Ici, il écrit lui-même sur le chapitre le plus compliqué de l’histoire de la RFA. Et les jeunes qui ont fondé la Fraction Armée Rouge n’ont sans doute pas vu tout de suite que, vue depuis la France, RFA, RAF et FAR, ça se confond drôlement.
L’idée d ‘écrire une pièce est logique car depuis quelque temps les "années de plomb" reviennent sur le devant de la scène, dans tous les pays où une poignée d’activistes croyaient pouvoir improviser une lutte armée contre l’état totalitaire qu’ils dénonçaient.

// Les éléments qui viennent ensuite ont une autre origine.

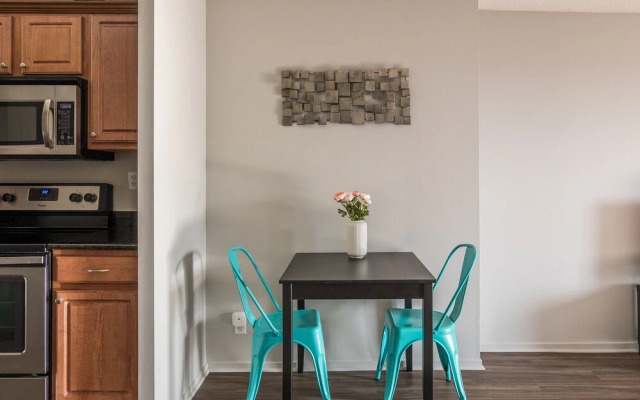 FRONTDESK The Churchill Apts Downtown Minneapolis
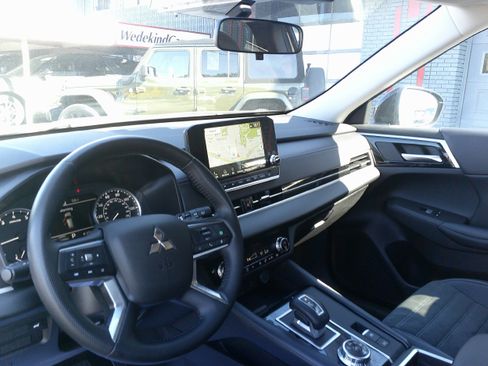 Used 2024 Mitsubishi Outlander SE image 22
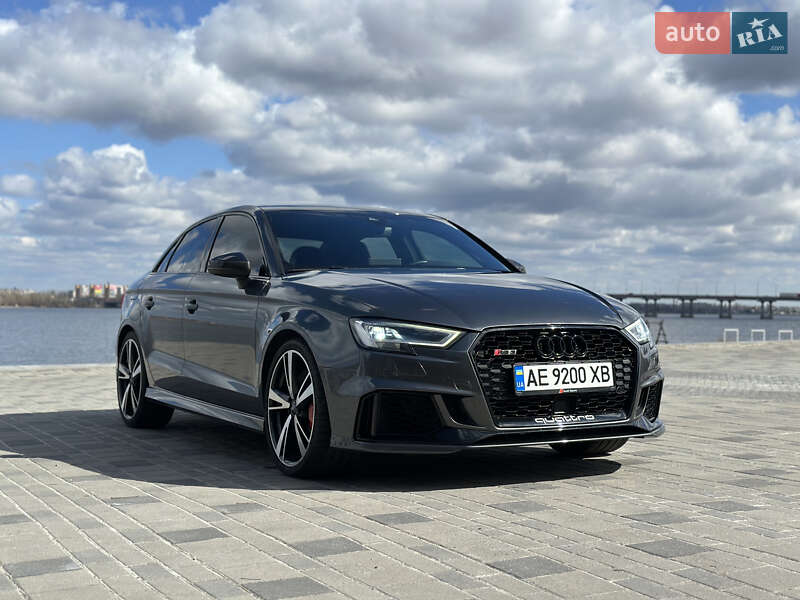 Audi Rs3 (2018)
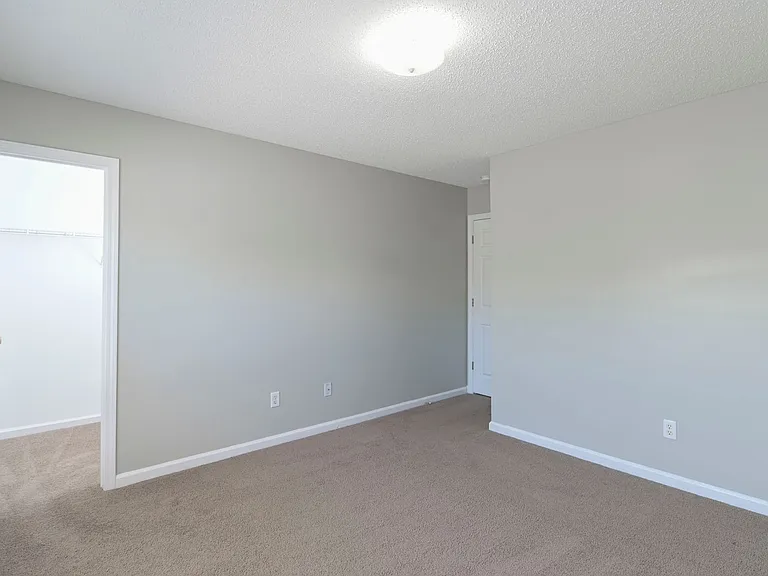 141 Wigmore Ln — Photo 28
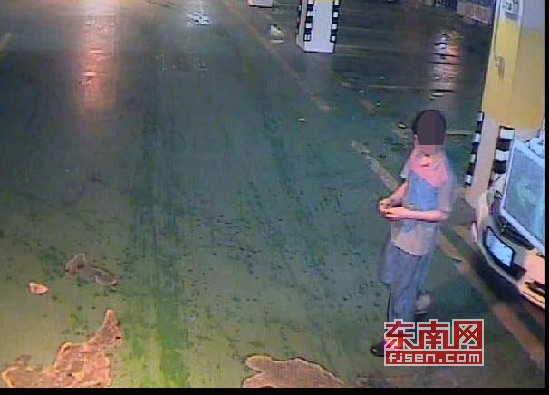 奔驰车头标志被盗 原是顽童恶作剧1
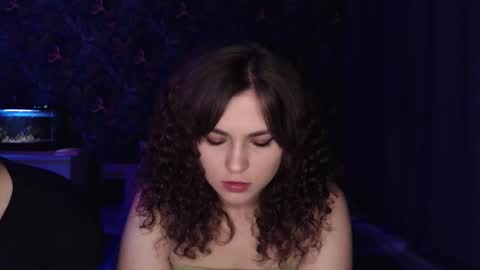 Stella and Neo online show from 11/21/25, 04:33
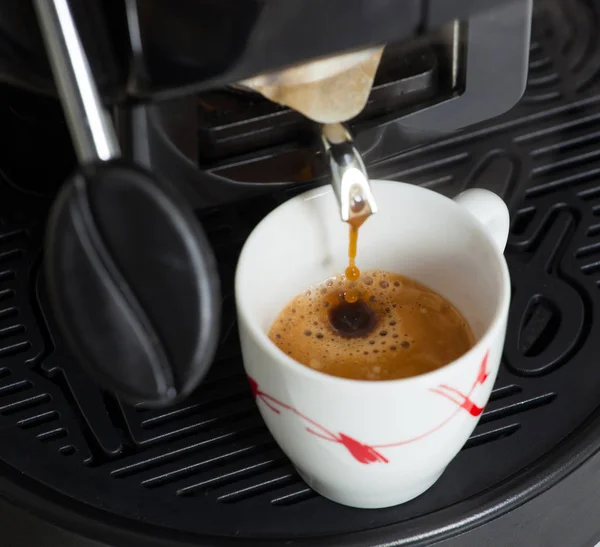 Máquina de café expreso haciendo café con vaina —  Fotos de Stock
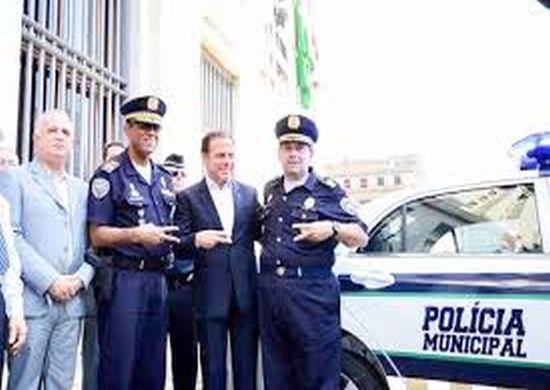 Réu por desvio de verba deixa comando da guarda de Doria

En France, aujourd’hui, des camarades mènent une campagne pour que soient graciés des membres d’Action Directe qui sont en prison. En Italie, on a toujours peur d’une renaissance des brigades rouges. Et en Allemagne, Brigitte Mohnhaupt, membre de la RAF, vient d’être remise en liberté après avoir purgé 24 ans de prison. La presse bourgeoise s’est offusquée de ce qu’elle n’exprimait aucun regret. Mais quoi de plus normal ? L’état des choses qu’elle dénonçait à l’époque n’a fait qu’empirer, en particulier depuis Bush. Et le régime en prison qu’ont subi les membres de la RAF, en particulier l’isolation, n’ont pu que leur confirmer, dans leur façon de voir, combien leur violence était justifié ex-ante par la violence de l’’état.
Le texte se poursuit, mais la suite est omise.